A spare hub is a really good idea, as is an alternator. I still think a u-joint and a wheel bearing is a good idea. Just my personal experience but I've had good quality parts fail under heavy load. A loaded truck pushing a tire up a large rock to get to elk camp, puts a good load on things. But if it's going to let go, I prefer it to be at the "weak link", a u-joint, rather than a transfer case or axle shaft, just my opinion. :dunno:


----------



## ajsmith

Jason said:


> The hatchet I carry is a little thing but it's proven its usefulness. There's a pic of it in my photo album.


That hatchet is compact but looks like good quality. I used to carry one in my bed tool box several years ago, took it out when I bought a different truck and forgot to put it back in. It's going back in this weekend, just have to dig it out, thanks for the reminder.


----------



## Jason

It is a good one...Fiskars made sold as a Gerber.


----------



## Tirediron

ajsmith said:


> A spare hub is a really good idea, as is an alternator. I still think a u-joint and a wheel bearing is a good idea. Just my personal experience but I've had good quality parts fail under heavy load. A loaded truck pushing a tire up a large rock to get to elk camp, puts a good load on things. But if it's going to let go, I prefer it to be at the "weak link", a u-joint, rather than a transfer case or axle shaft, just my opinion. :dunno:


you can never have too many parts along, the front drive axle stub shafts will usually shear off before breaking a ujoint, so if you get a chance you many want to get at least one spare stub axle, but if you are going used parts they should only be used on the side they came from due to winding stress. Warn , I think, makes a hub that is designed to shear before causing axle or u joint damage,they call them hub fuses.


----------



## ajsmith

Tirediron said:


> you can never have too many parts along, the front drive axle stub shafts will usually shear off before breaking a ujoint, so if you get a chance you many want to get at least one spare stub axle, but if you are going used parts they should only be used on the side they came from due to winding stress. Warn , I think, makes a hub that is designed to shear before causing axle or u joint damage,they call them hub fuses.

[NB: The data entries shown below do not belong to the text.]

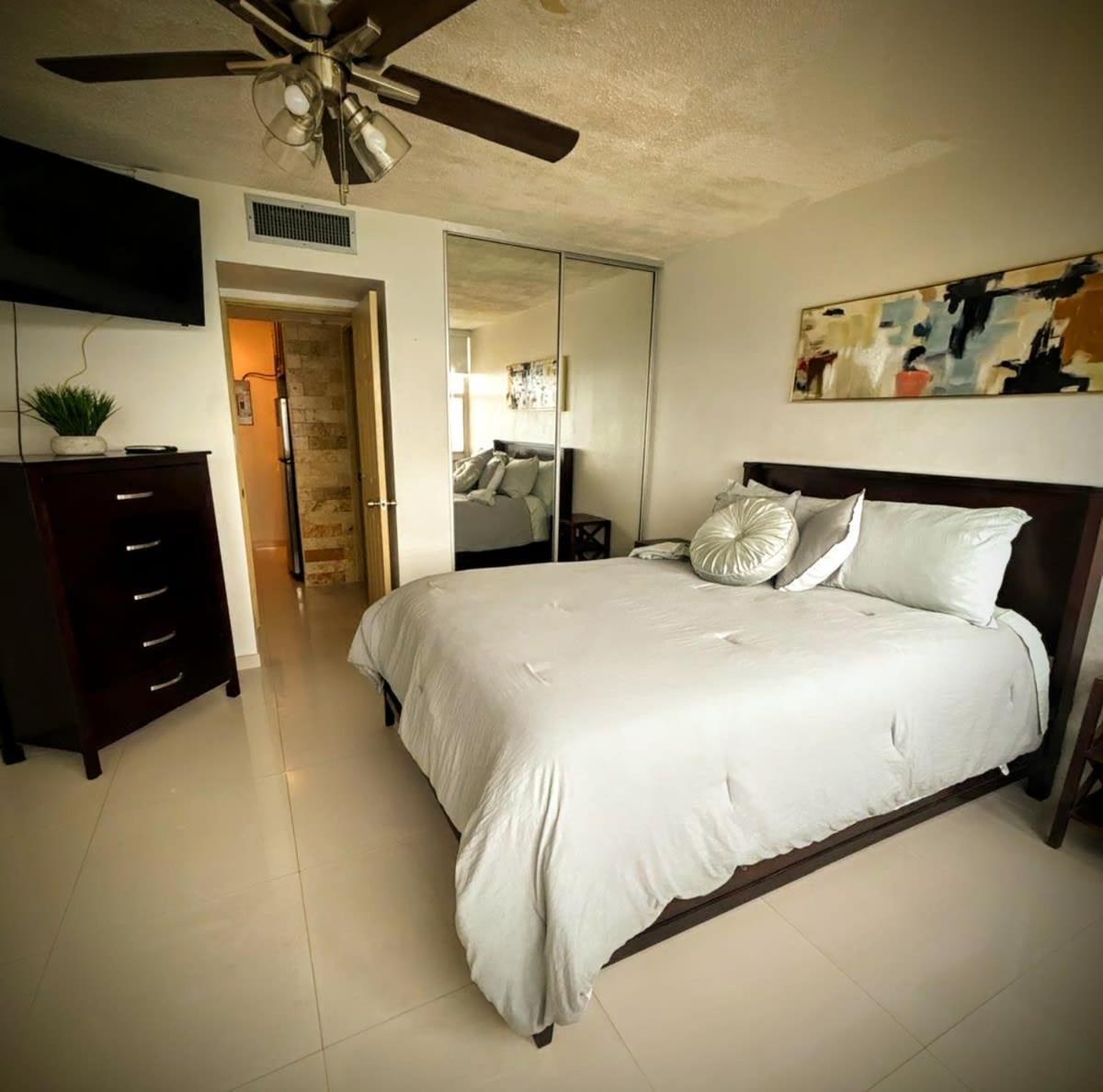 Apartment Steps From Foxwoods Casino- Beachfront With Pools San Juan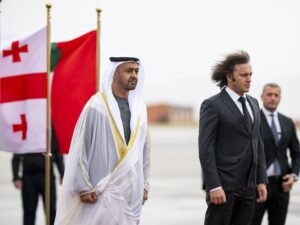 رئيس الدولة يصل جورجيا في زيارة رسمية
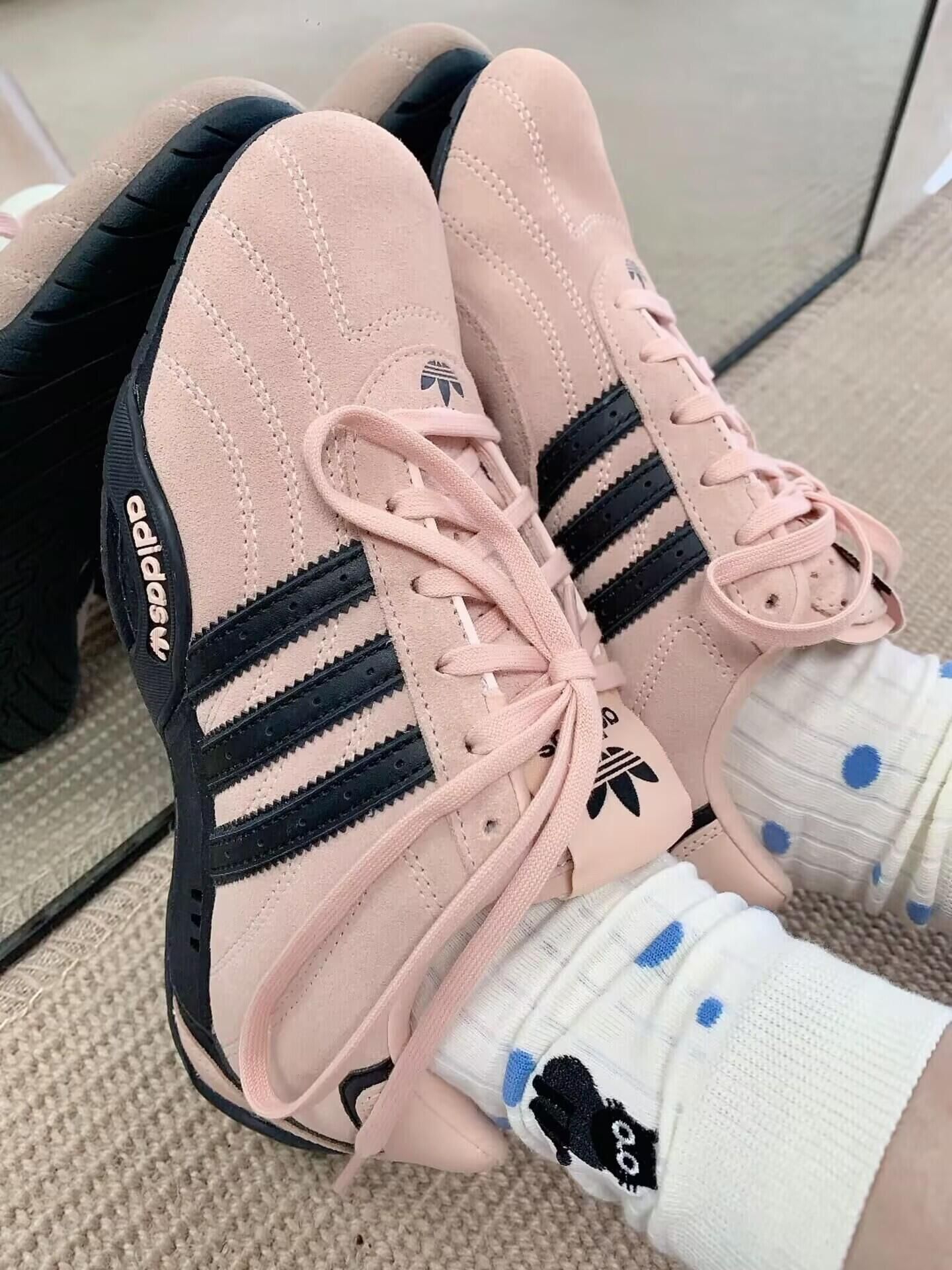 adidas赛车鞋丨看见粉色走不动道🎀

Cool, that's good information to know, thanks


----------



## ajsmith

A couple other things I think I'll add to my list is a can of WD-40, works great for rusty bolts, lubricant, makes a fair solvent and is very good for a wet distributor cap (don't ask me how I know...). I think I'll add a small hand held 12volt spot light under the seat, had a good one in high school, came in very handy.


----------



## GatorDude

A bottle of water
A roadside emergency kit w/jumper cables
Directions for using jumper cables
Maps of most Southeastern states
A Road Atlas
About half a can of mixed nuts
A few coins
A collapsable dog bowl
Extra fork and knife for those times they #$%& in the drive thru
Two beach towels
Several reusable shopping bags
A couple of dog beds
A backseat canvas dog hammock
A boatload of napkins
Compact binoculars
Music CDs
:scratch


----------



## ajsmith

I think I'll add to my list, a tub of wheel bearing grease and a big pry bar. I will eventually add a Hi Lift jack to supplement my bottle jack. The Hi Lift I have now is going on my trailer.


----------